■ **What you have to do**:
The first line of the entries through the line bearing "ANALYZING DATA Group": copy these lines exactly and return nothing else.

(Records contained in a dataset)
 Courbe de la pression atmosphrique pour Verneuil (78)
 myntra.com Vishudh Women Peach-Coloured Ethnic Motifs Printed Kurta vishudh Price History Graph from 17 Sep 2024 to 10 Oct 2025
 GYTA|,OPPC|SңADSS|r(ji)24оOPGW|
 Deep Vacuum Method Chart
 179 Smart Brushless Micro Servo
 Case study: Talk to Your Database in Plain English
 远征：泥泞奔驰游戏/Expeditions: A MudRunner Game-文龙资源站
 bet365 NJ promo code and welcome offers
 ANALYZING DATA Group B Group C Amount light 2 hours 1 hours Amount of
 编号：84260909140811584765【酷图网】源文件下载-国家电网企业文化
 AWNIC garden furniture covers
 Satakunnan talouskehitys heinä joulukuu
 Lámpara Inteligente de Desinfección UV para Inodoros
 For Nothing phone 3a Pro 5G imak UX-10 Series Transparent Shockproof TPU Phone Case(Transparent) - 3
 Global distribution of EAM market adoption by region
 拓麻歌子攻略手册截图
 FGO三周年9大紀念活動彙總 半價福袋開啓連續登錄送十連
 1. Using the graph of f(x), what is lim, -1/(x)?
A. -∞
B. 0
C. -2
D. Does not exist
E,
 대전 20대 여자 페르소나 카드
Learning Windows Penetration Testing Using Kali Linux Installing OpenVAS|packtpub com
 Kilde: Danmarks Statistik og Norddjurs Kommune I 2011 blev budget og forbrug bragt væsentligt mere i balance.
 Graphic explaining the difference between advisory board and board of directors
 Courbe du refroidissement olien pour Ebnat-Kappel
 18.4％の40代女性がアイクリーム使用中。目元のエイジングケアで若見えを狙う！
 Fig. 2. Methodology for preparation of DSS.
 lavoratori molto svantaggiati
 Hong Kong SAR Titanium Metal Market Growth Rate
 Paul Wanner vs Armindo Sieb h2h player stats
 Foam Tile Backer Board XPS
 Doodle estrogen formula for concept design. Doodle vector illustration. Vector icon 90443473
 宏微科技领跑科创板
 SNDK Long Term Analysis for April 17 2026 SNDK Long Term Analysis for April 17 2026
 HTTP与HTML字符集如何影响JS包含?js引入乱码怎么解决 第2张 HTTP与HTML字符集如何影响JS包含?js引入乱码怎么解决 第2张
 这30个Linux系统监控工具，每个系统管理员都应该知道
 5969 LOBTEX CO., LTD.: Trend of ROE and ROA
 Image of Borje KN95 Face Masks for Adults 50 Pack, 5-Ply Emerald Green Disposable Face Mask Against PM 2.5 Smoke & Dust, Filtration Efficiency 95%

■ **Completed task**:
 Courbe de la pression atmosphrique pour Verneuil (78)
 myntra.com Vishudh Women Peach-Coloured Ethnic Motifs Printed Kurta vishudh Price History Graph from 17 Sep 2024 to 10 Oct 2025
 GYTA|,OPPC|SңADSS|r(ji)24оOPGW|
 Deep Vacuum Method Chart
 179 Smart Brushless Micro Servo
 Case study: Talk to Your Database in Plain English
 远征：泥泞奔驰游戏/Expeditions: A MudRunner Game-文龙资源站
 bet365 NJ promo code and welcome offers
 ANALYZING DATA Group B Group C Amount light 2 hours 1 hours Amount of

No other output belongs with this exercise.